The thrust behind the introduction of Music While You Work was to play a part in the war production drive. The BBC's Year Book for 1941 elaborated further: "Programmes of music for factory workers have been broadcast since the end of June as a help to lessen strain, relieve monotony, and thereby increase efficiency. The initiative came from the factories, and in collaboration with recognised authorities the BBC carried out research among workers to discover their preferences, and among factories to establish their special needs. The result was the mid-morning and mid-afternoon programmes Music While You Work".   

Music While You Work was an undoubted success, at least in terms of listeners. By its third anniversary it reached 7000 factories and had an audience of four million workers. By the end of the war 9000 factories piped the show through their loudspeakers.

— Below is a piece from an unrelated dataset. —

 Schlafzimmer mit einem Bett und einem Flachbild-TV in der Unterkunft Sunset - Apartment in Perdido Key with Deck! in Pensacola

As noted above the BBC undertook research to study the effectiveness of the show. Writing in 1945 the programme's then organiser, conductor Wynford Reynolds,  revealed the results of a survey of the first five year's broadcasts: "Hundreds of factories have been visited to study reception conditions and to learn the opinions of the men on the job. To quote from a few factory reports, 'The music exhilarates the workers without acting as a harmful distraction When the set was shut down for a week there was a 20 per cent drop in output'. 'There was a production increase of 22.1 per cent in the fuse shop over the period of a year after the introduction of Music While You Work'''. (4)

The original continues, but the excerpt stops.